For this training you need:

  • owner permissions to a GCP project

  • a modern web browser

  • (optional) Google Cloud SDK installed on your laptop

Lab 1

In this lab we explore the Google Analytics data from a demo account.

Products: Google Analytics, Cloud Console, BigQuery, Cloud Shell, Cloud Datalab, Data Studio

  1. The demo account tracks data from Google Merchandise Store

  2. Access the Google Analytics dashboard through this page

  3. Open your Google Cloud Console and navigate to BigQuery

  4. Explore the UI, find your google_analytics_sample dataset and the ga_sessions_* tables within

  5. See the documentation & tutorials:

  1. Try out a simple query like
SELECT fullVisitorId, date, device.deviceCategory, geoNetwork.country
FROM `google_analytics_sample.ga_sessions_201707*`
GROUP BY 1,2,3,4

Exercise

  1. Approximately, how many distinct visitors were there on the Google Merchandise Store site in July 2017?

  2. How many distinct visitors were there by country? By device category (desktop, mobile, tablet)?

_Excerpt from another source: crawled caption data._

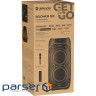 Акустична система 2.0 Defender Boomer 120, 120Вт BT/FM/TF/USB/MIC/LED, чорна (65127)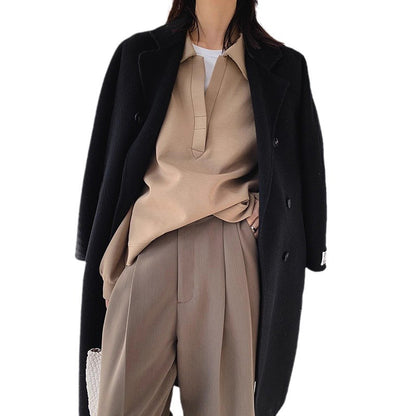 Sweat-shirt surdimensionné à col pour femmes Chic und Stil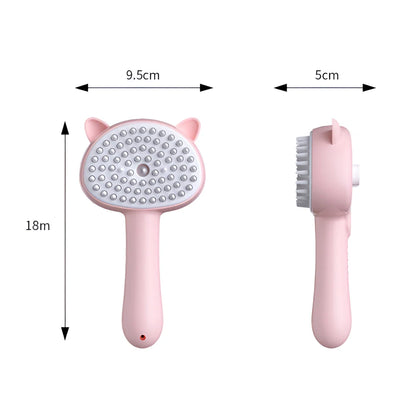 Rynx | 3-in-1 pet care electric steam brush with massage and hair removal jaws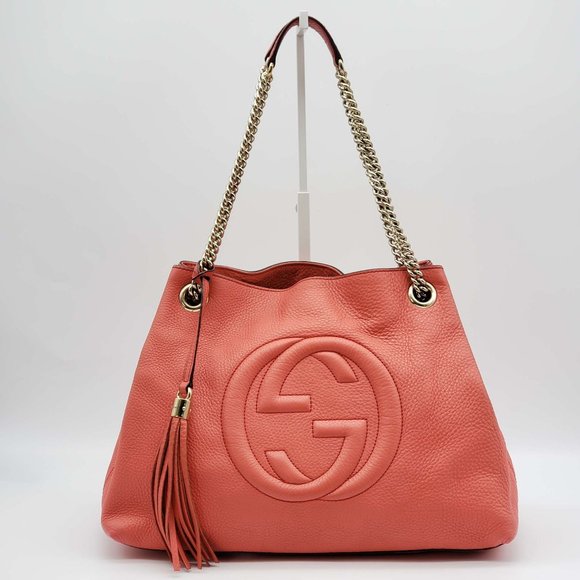 100% Authentic Gucci GG Soho on Chain Shoulder Bag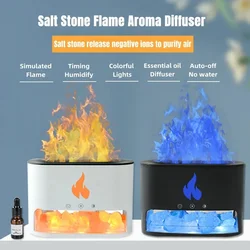 Difusor De Óleo Essencial De Aromaterapia, Lâmpada De Chama Azul, USB Elétrico, Ultrassônico, Névoa Fria, Umidificador De Ar Aroma Com Luz Colorida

Choose your analytics tool: BigQuery UI, Data Studio, Datalab

BigQuery UI

  1. Just use the query editor!

Data Studio

  1. Sign in to Data Studio from Google Marketing Platform

  2. Open a blank report (and answer the questions)

  3. Create a new data source from BigQuery, follow the steps, select "Session level fields" and click "Add to report"

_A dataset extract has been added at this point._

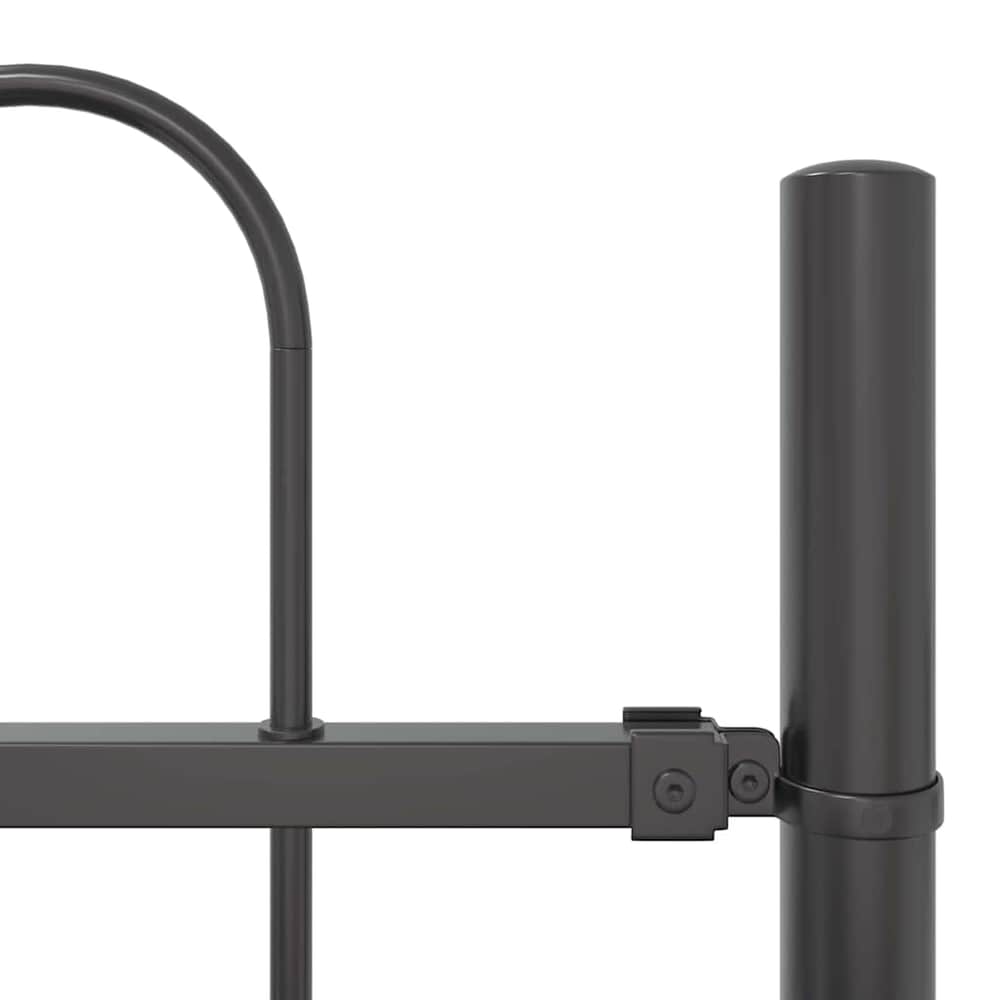 Garden Fence BOXTEL 1.7 x 1.5 m Powder-coated Steel Grey Height 150 cm 170 cm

  4. Create a date range for July 2017

  5. Create a new field Distinct visitors with COUNT_DISTINCT(fullVisitorId) and place it in a scorecard

  6. Create a filter control dimension Country and metric Distinct visitors (view it in View mode)

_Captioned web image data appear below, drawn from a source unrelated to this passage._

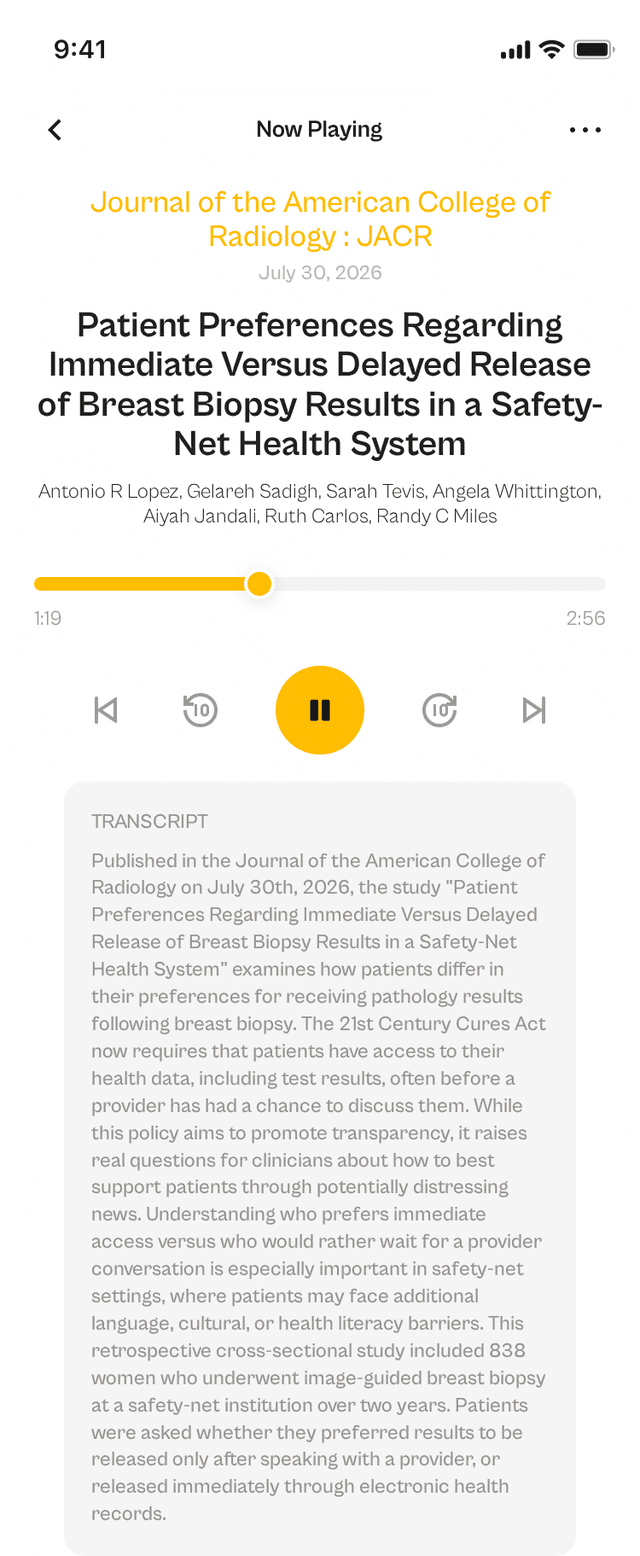 oslr App Interface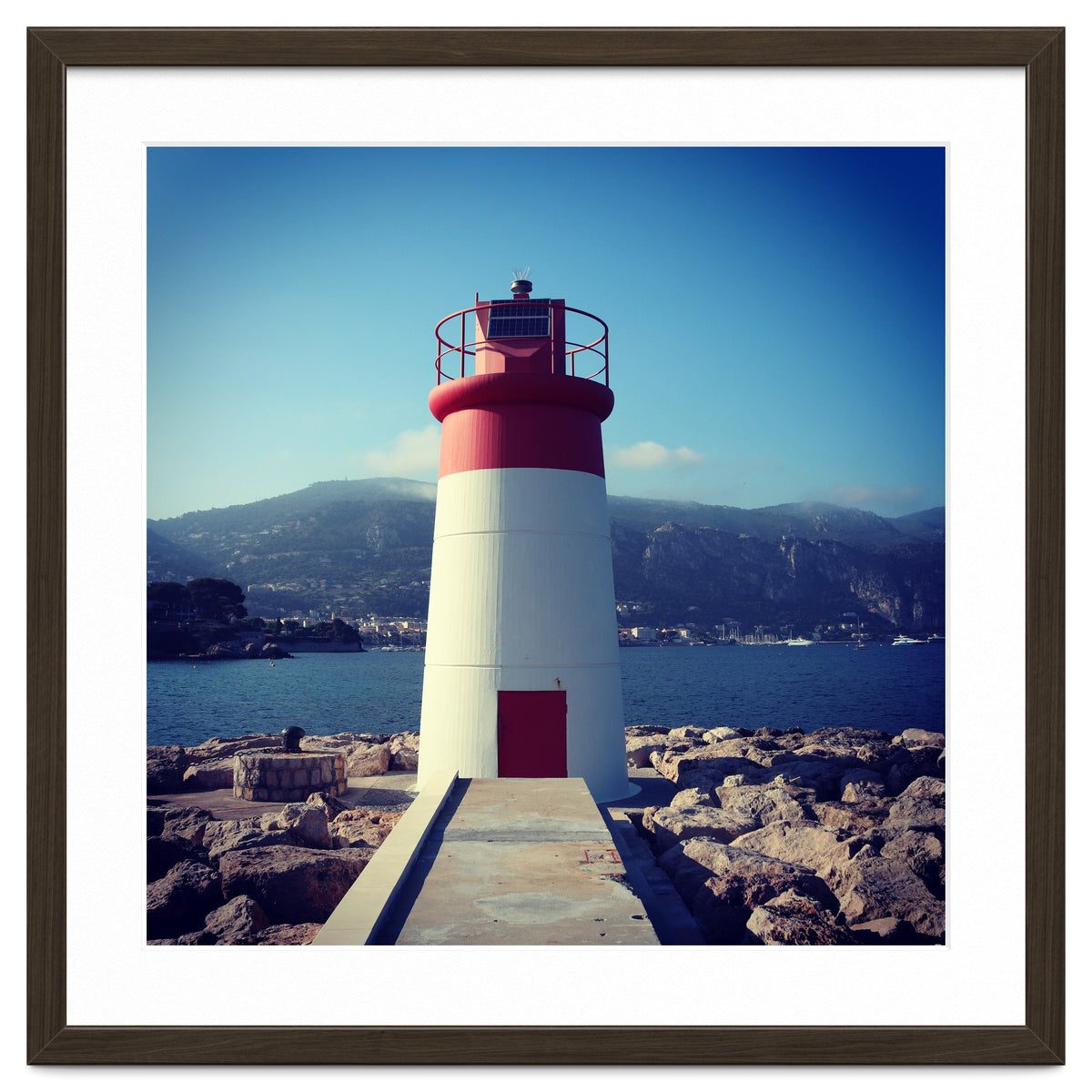 Red and white lighthouse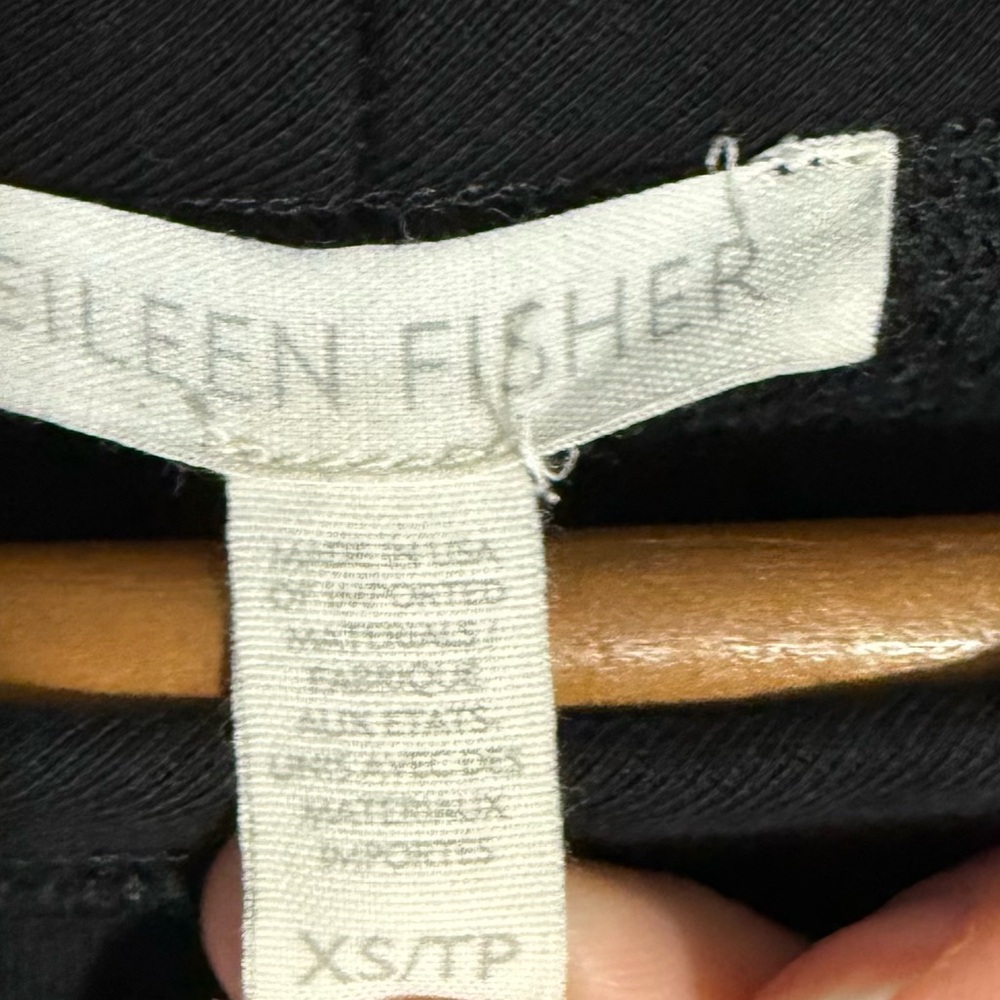 Eileen Fisher Black 100% Organic Cotton Sweatshirt XS - Picture 5 of 5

  7. Create similar filter controls for Device category

Datalab

  1. Open Cloud Console in a new tab and activate Cloud Shell

  2. Get help for Cloud Datalab

datalab --help
  1. Enable Compute Engine and Source Repositories APIs
gcloud services enable compute.googleapis.com
gcloud services enable sourcerepo.googleapis.com
  1. Create a new Datalab instance
datalab create --zone europe-north1-a --disk-size-gb 20 my-datalab
  1. Open the Datalab UI in your browser from web preview (change port to 8081)

  2. Create a new notebook and make a query

%%bq query
SELECT ...
FROM `google_analytics_sample.ga_sessions_*` ...
  1. Explore the documentation notebooks in the docs folder

  2. View the general Datalab documendation and the Python reference

  3. Explore the web UI of the "ungit" version control tool

Solution

  1. Number of distinct visitors
SELECT COUNT(DISTINCT fullVisitorId) AS number_of_visitors
FROM `google_analytics_sample.ga_sessions_*`
  1. Visitors by country
SELECT geoNetwork.country, COUNT(DISTINCT fullVisitorId) AS number_of_visitors
FROM `google_analytics_sample.ga_sessions_201707*`
GROUP BY country ORDER BY number_of_visitors DESC
  1. Visitors by device category
SELECT device.deviceCategory, COUNT(DISTINCT fullVisitorId) AS number_of_visitors
FROM `google_analytics_sample.ga_sessions_201707*`
GROUP BY deviceCategory ORDER BY number_of_visitors DESC

Bonus exercise 1

  1. Learn about BigQuery as a data warehouse

Bonus exercise 2

  1. Run queries from BigQuery cookbook

Datalab clean up

  1. Shutdown the notebooks and close the Datalab tabs

  2. Go back to Cloud Shell and close the SSH tunnel by CTRL-C.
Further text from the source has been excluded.